* TRY IT *
Before anything else, drop the pictures; then return exactly the lines from the top of the listing through the line with "MEDIPEEL Peptide Collagen".

============================================================

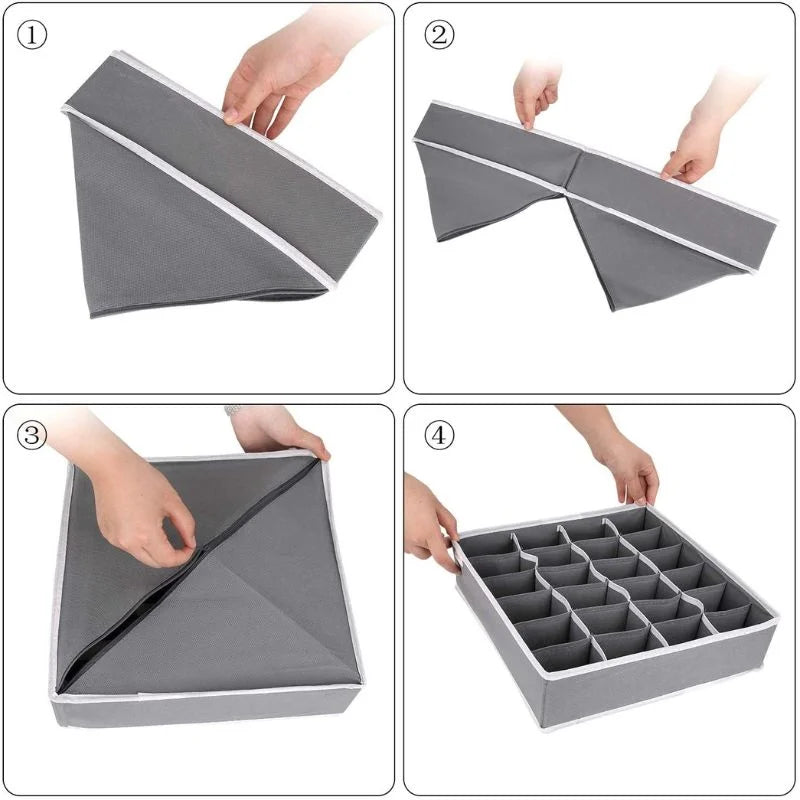 Storage Organizer with Lid | Foldable Drawer Divider | 24 Cells | Non-Woven Fabric | Random Colors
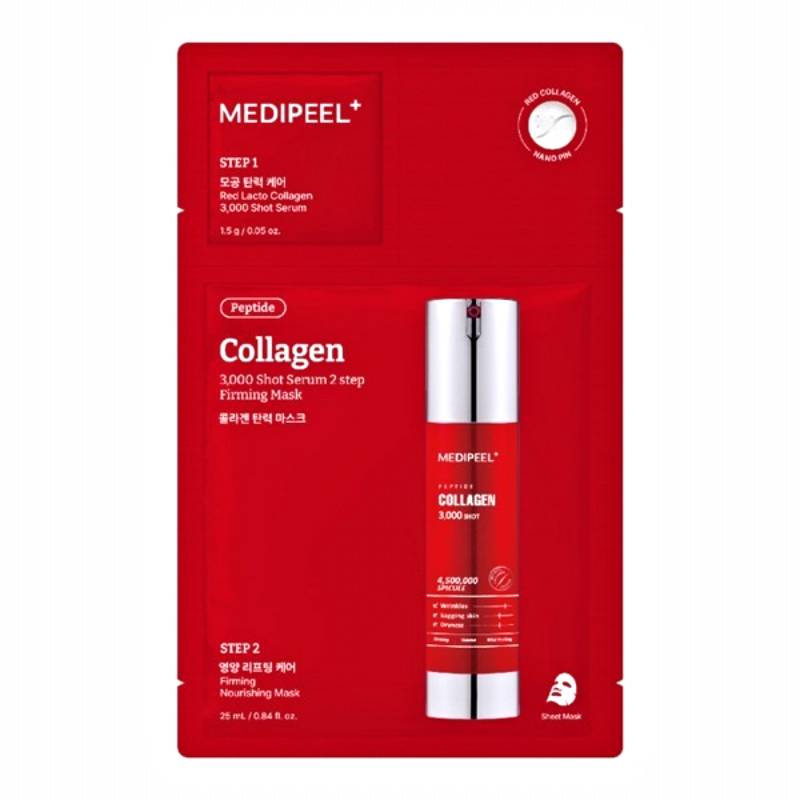 MEDIPEEL Peptide Collagen 3,000 Shot Serum 2 Step Firming Mask 25ml x 5pcs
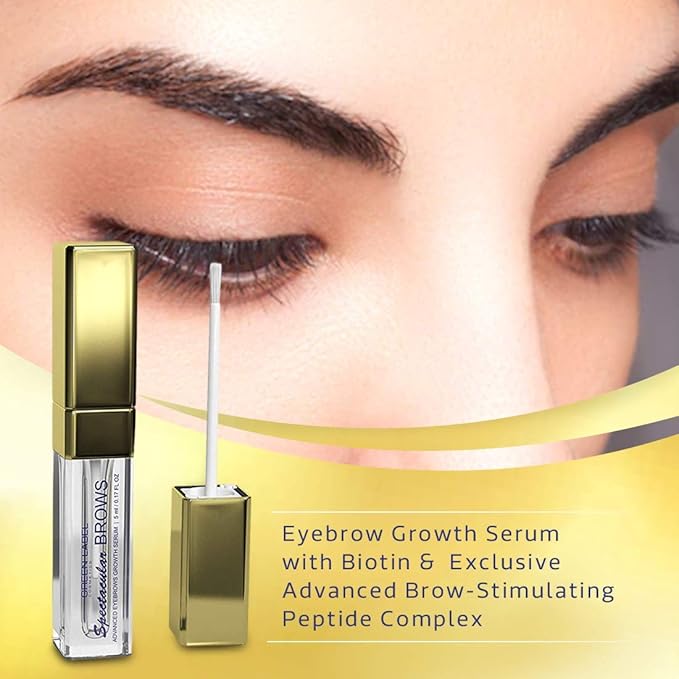 Spectacular BROWS - Brow Enhancer and Brow Growth Serum - Eyebrow Growth Enhancer- Eyebrow Growth Serum with Biotin & Natural Peptides. For Thin, Over-Plucked Eyebrows. Lash & Brow Growth Products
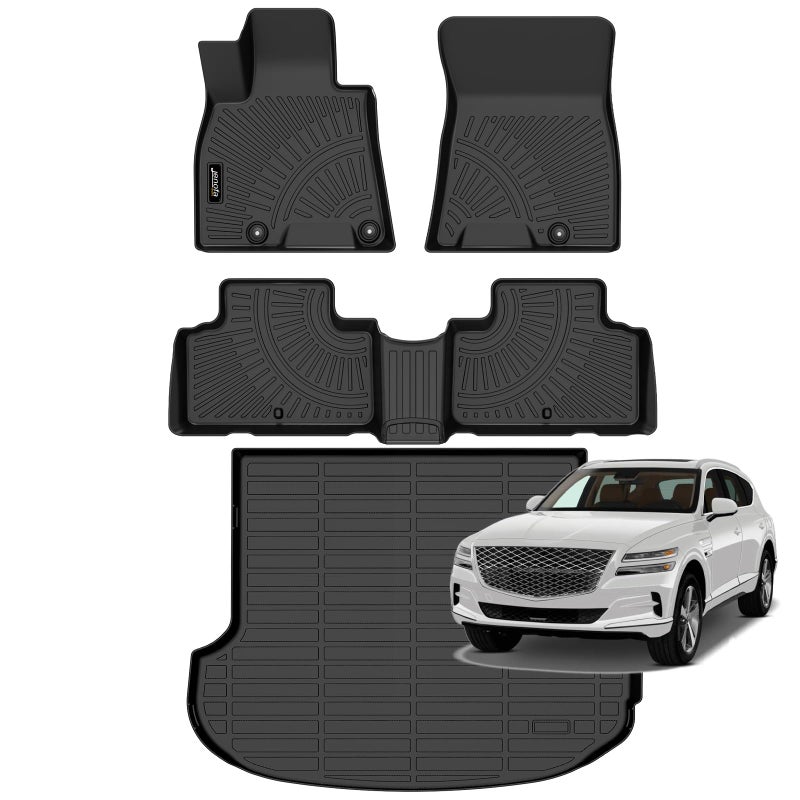 JenofaFloor Mats for Genesis GV80 20212026 Only 5 Seats Car Mats Cargo Mat Fit GV80 No EV All Weather NonSlip Waterproof Durable Rubber Floor Liner Accessories Full Set - Image 3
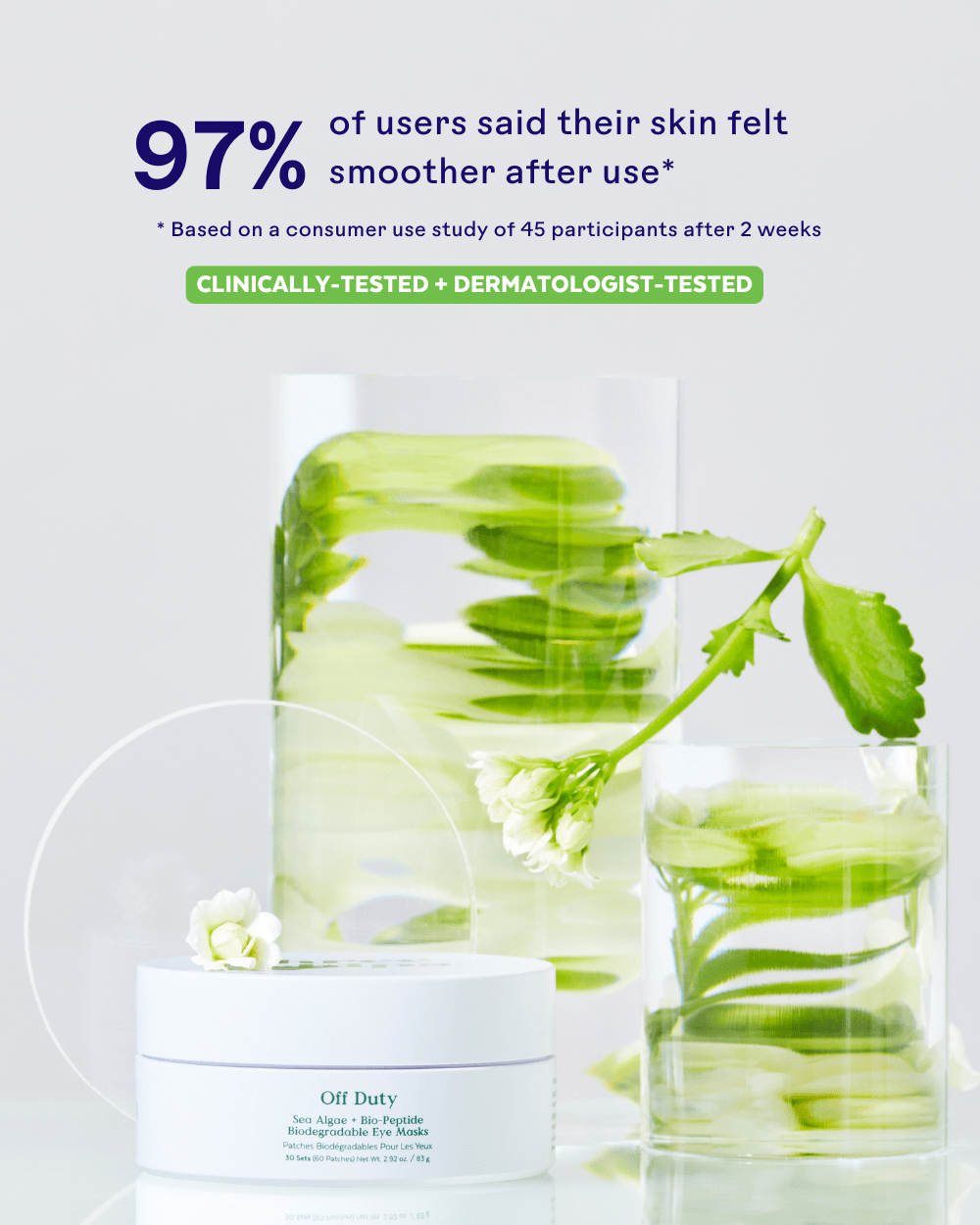 OffDuty™ Sea Algae + Bio-Peptide Smoothing Biodegradable Eye Masks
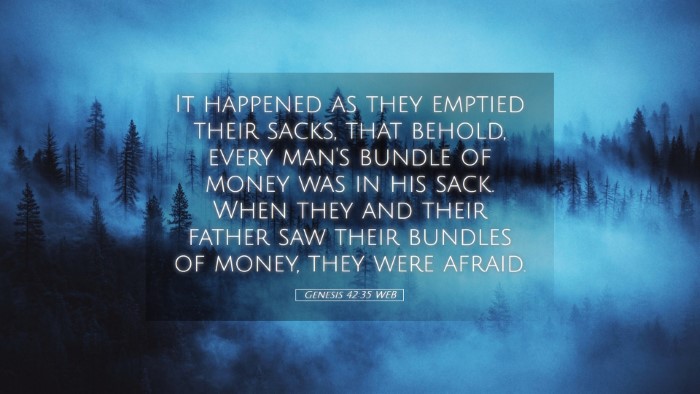 Picture 05 - Genesis 42:35 WEB Desktop Wallpaper - It happened as they emptied their sacks, that - Desktop Bible Verse Wallpaper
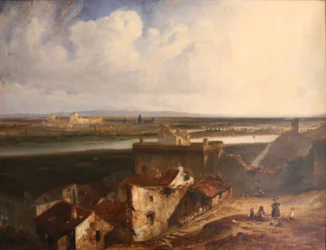 Gesamtansicht von Avignon und Villeneuve-les-Avignon, aufgenommen von innen Fort Saint-Andre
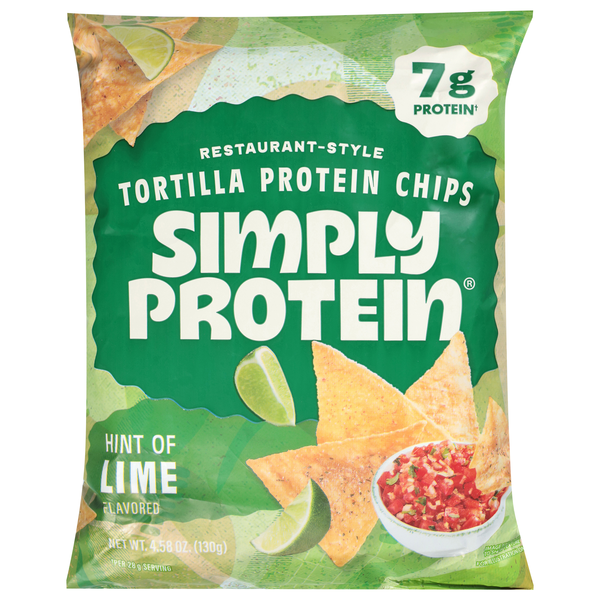 Simply Protein Hint of Lime Flavor Restaurant-Style Protein Tortilla Chips
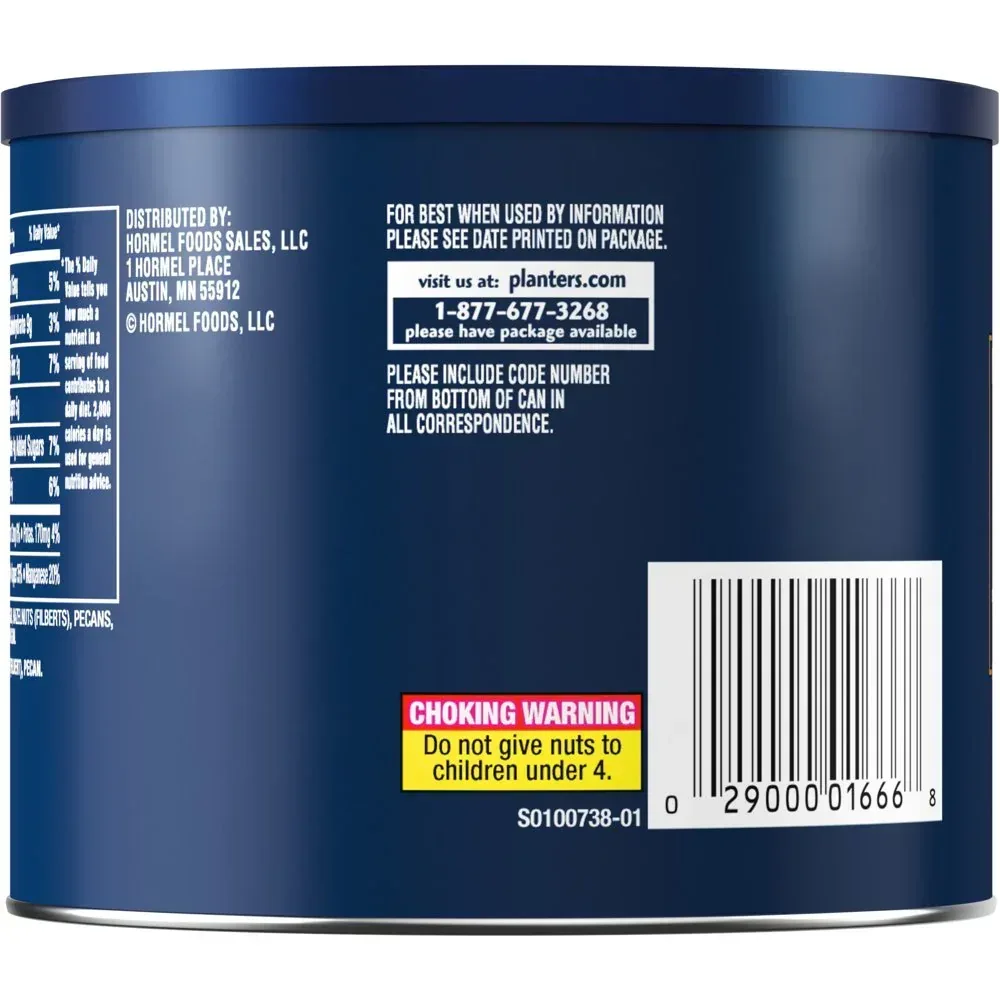 Honey Roasted Mixed Nuts, Party Snacks, Plant-Based Protein, 10 Oz Canister - Image 9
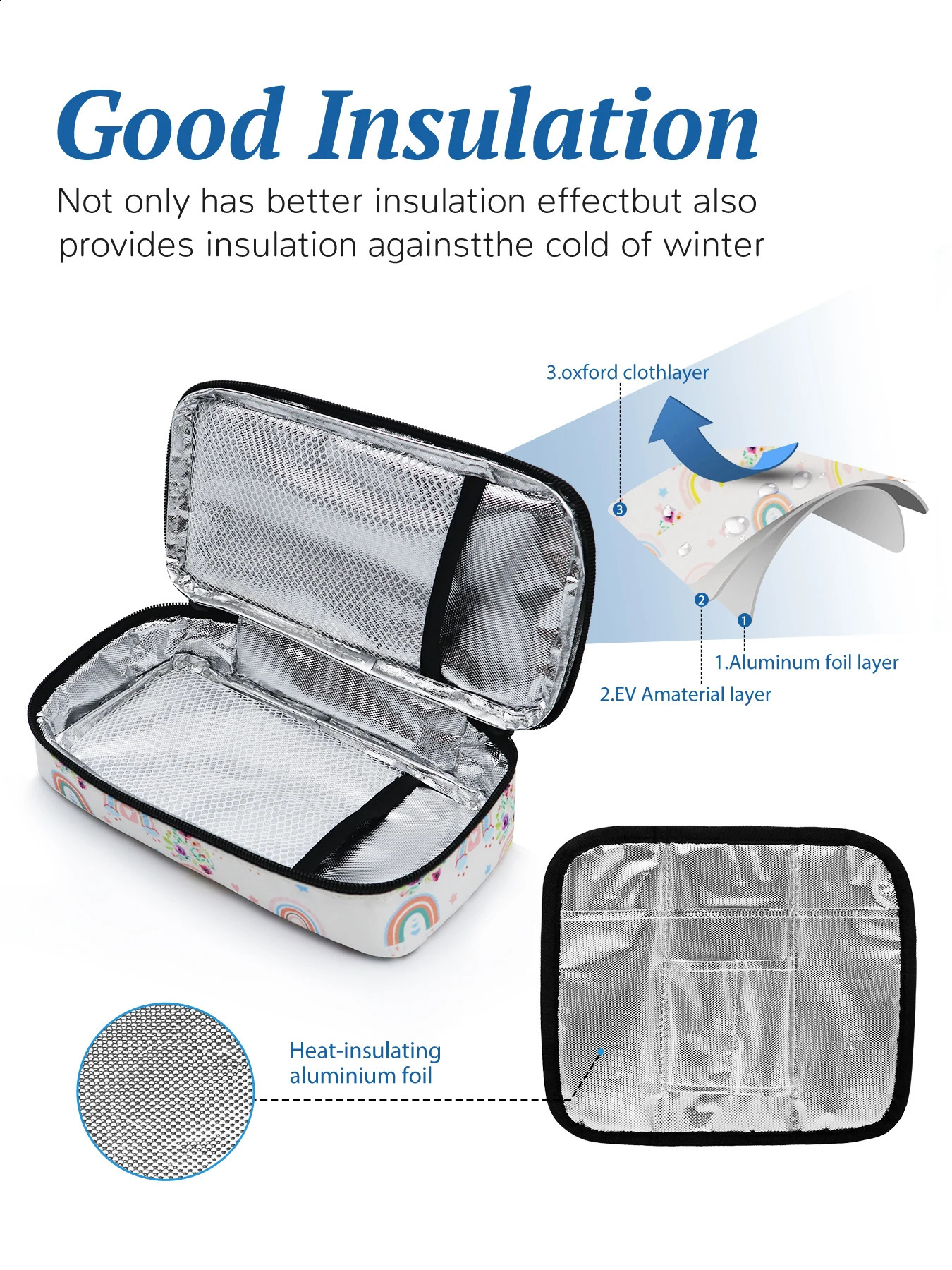 Rainbow Pattern Portable Insulin Insulated Storage Bag For Travel Diabetic Patients Box Large size 250528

============================================================

* EXERCISE SOLUTION *
 Storage Organizer with Lid | Foldable Drawer Divider | 24 Cells | Non-Woven Fabric | Random Colors
 MEDIPEEL Peptide Collagen 3,000 Shot Serum 2 Step Firming Mask 25ml x 5pcs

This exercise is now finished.